Running a tight ship

05 May 2024 - Jedd Campbell

In the past year our software development team has grown from two developers to six. The system we’re building has increased in scope, scale, and complexity. Our clients are larger and more vocal as they lean more and more weight on our platform. We need to adapt our thoughts and processes to match.

The problem space

Things aren’t scaling linearly. Our team, client base, and product are all growing at the same time. A larger team means more hands on deck, but also more communication complexity. A bigger client base means more revenue, but places a higher demand on support. Our product has more features than ever, but it’s surface area is huge and it requires way more maintenance.

Communication and Team Dynamics

It wasn’t that long ago that we had only three people involved with development communication: myself, Chris, and Riaan (two developers and the CEO). With three people in the loop we had only three unique communication channels (Jedd/Riaan, Jedd/Chris, Chris/Riaan). Now, with seven people in the loop we have 21 unique communication channels (not going to list them out). Communication is way more complex now. Chris, Riaan and I know the system quite well, but we now have four additions to the team who are still learning the ropes. We’re spending more time communicating than ever before. The team now has three times the amount of code to review. Chris and I each used to write about 50% of the code, now we each write 16.67% of the code (for now we write proportionally more, but this should trend to 16.67%).

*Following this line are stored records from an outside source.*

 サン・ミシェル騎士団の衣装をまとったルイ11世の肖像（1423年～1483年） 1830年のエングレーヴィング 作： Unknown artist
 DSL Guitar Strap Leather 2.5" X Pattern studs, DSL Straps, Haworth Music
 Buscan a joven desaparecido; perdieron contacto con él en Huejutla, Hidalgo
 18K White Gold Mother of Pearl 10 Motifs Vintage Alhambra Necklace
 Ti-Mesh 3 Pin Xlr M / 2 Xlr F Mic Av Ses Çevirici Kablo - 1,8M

That means I have to spend time familiarizing myself with 250% more code than before, or else progressively lose sight of more of the system.

We need to keep more people in the loop, and keep track of more work.
There are more people to train and get up to speed.
There’s way more code to review.

System Scope and Complexity

Our system has also increased in scope, and work has slowed down significantly. Our features have become interlinked. Every change we make impacts a larger part of the system. For example, when making a single change to our checklists feature we now have to ask how that change affects reports, tasks, notifications, contractors, forms, and the mobile application. If we make a mistake, it has the potential to affect every other feature that it’s linked to. Each time we take a shortcut, name something poorly, rush a function, or fail to properly think through a database design, we make it harder to maintain for the next person who comes along.

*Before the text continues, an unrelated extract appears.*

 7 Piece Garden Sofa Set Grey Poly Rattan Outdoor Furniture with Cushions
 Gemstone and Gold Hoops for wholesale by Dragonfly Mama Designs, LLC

Our product’s surface area is increasing rapidly, and with it the maintenance cost.
Making changes is more complex and impactful.
Our technical debt is piling up and increasing in cost.
One unit of work is taking more units of time to complete.

Clients and Support

Our client base has also grown, and each client has different needs and priorities. These needs sometimes emerge in a seasonal sort of way. For example, there might be a deadline for safety file submissions, and so for a few weeks companies are focusing on safety files. Naturally, there will be an uptick in urgency and frequency of safety file tickets. So all of a sudden we need to devote more attention and resources to the safety file feature. Some companies do tons of checklists, others safety files, or risk assessments, and so we get more request from them on those specific features. As our clients and their needs grow, we’re forced to adapt and improve our system with them.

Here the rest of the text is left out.